Jesus sabia o que O esperava: seria abandonado de Seus amigos e traído por um dêles. “Então todos os discípulos, deixando-O, fugiram.” Mais tarde, um discípulo, amigo do Senhor, disse: “Não conheço tal homem.” Que coisas tremendas teve que suportar nosso Mestre e Senhor! Traição, abandono, negação. Tudo isto da parte de Seus discípulos e amigos, de Seus companheiros de trabalho. Daqueles homens que havia tirado do lodaçal do pecado, dos que ensinara a louvar a Deus, em lugar de blasfemar, daqueles homens a quem dissera: “Alegrai-vos. . . . por estarem os vossos nomes escritos nos Céus.” Comentando o que aconteceu ao Salvador com Seus amigos, uma alma agradecida escreveu um hino que diz:

Para o Gólgota cruel

Sob o látego infiel

Ao cume do monte chegou.

Até o Sol se apagou.

E a terra estremeceu,

Seus temerosos amigos perdeu.

A dor dos cravos, estóico, sofreu

Pois Sua angustia era tal como ninguém sentiu.

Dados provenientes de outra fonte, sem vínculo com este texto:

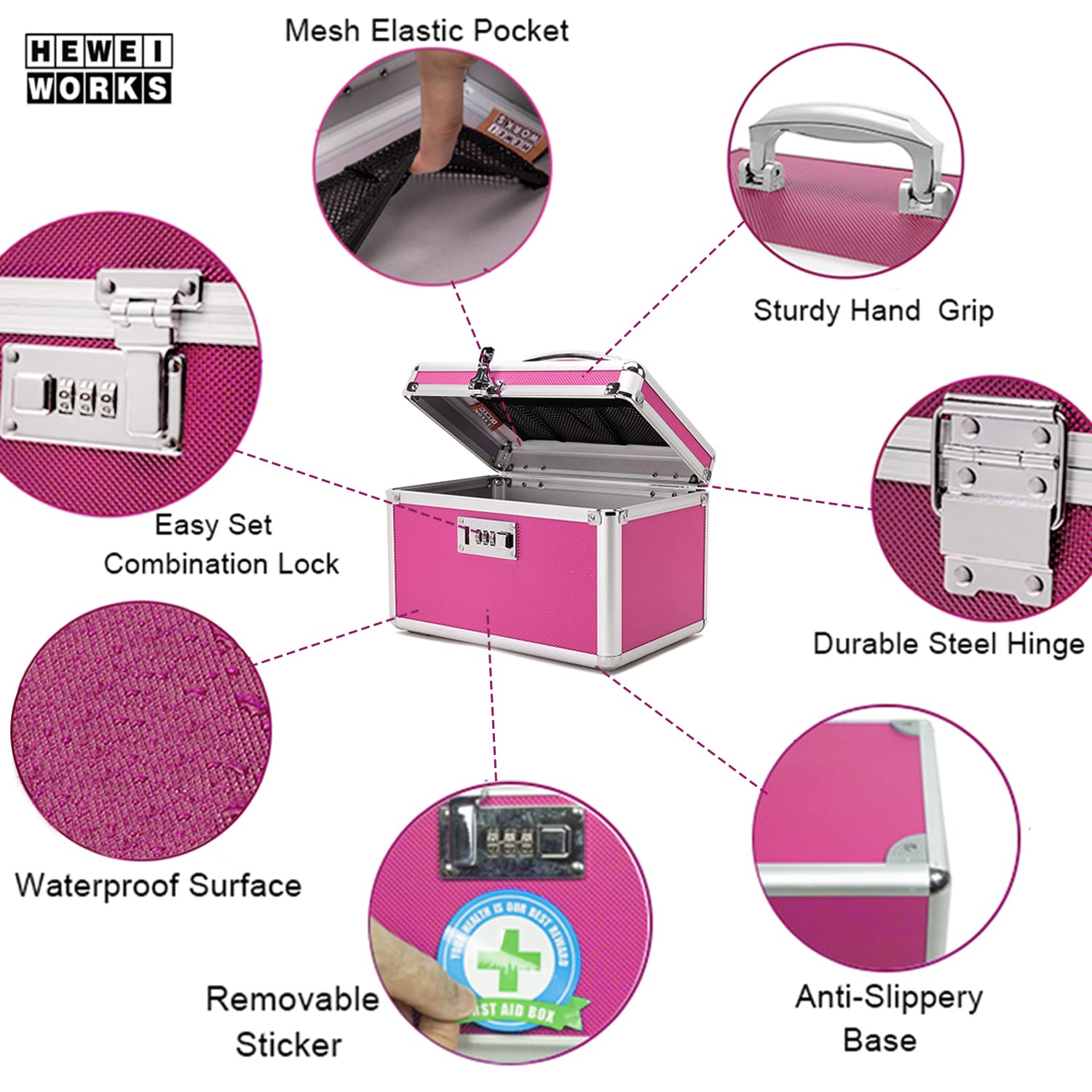 Format compact HEWEI WORKS rose, idéal pour sac ou poche.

Os pecados do mundo em seus ombros levou, 

Pela senda de fel ao Gólgota cruel,

O Gólgota cruel, o Gólgota cruel.

Embora Seus amigos O tenham abandonado e Seu povo dÊle escarnecido e O ultrajado, simulando um julgamento que foi uma trama de assassínio para entregá-Lo à soldadesca romana para que O açoitassem, nÊle cuspissem, O esbofeteassem e finalmente O crucificassem; nosso Guia-Mor prosseguiu até percorrer a última etapa, e suspenso entre o Céu e a Terra, disse: “Deus Meu, Deus Meu, por que Me desamparaste?. . . Nenhuma mão piedosa a enxugar-Lhe do rosto o suor da morte, nem palavras de simpatia e inabalável fidelidade para Lhe confortar o coração humano.” — Idem, pág. 555. A missão de Cristo parecia haver findado em derrota completa. Não obstante, hoje, milhões de almas dariam a vida por seu Salvador e milhões e milhões gozarão na eternidade pelo sacrifício de Jesus na cruz.

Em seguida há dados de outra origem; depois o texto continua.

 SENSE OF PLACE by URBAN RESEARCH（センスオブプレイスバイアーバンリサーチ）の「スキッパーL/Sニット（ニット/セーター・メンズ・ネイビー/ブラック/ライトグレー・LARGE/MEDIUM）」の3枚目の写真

“Como Redentor do mundo, Cristo foi constantemente confrontado por aparentes fracassos. Êle, o mensageiro da misericórdia ao nosso mundo, pouco parecia fazer da obra que anelava realizar em erguer e salvar. Satânicas influências estavam sempre operando para Lhe obstar o caminho. Mas Êle não desanimava. . . Cristo não fracassou, nem Lhe desfaleceu o ânimo, e Seus seguidores têm de manifestar uma fé de natureza assim resistente. Cumpre-lhes viver como Êle viveu, e trabalhar como Êle trabalhou, pois nÊle confiam como o grande Obreiromestre. Valor, energia e perseverança devem êles possuir. Conquanto aparentes impossibilidades lhes entravem o caminho, por Sua graça hão de ir avante. Em lugar de deplorar as dificuldades, são convidados a transpô-las. Não devem desesperar de coisa alguma, mas esperar tudo.” — Idem, págs. 507 e 508.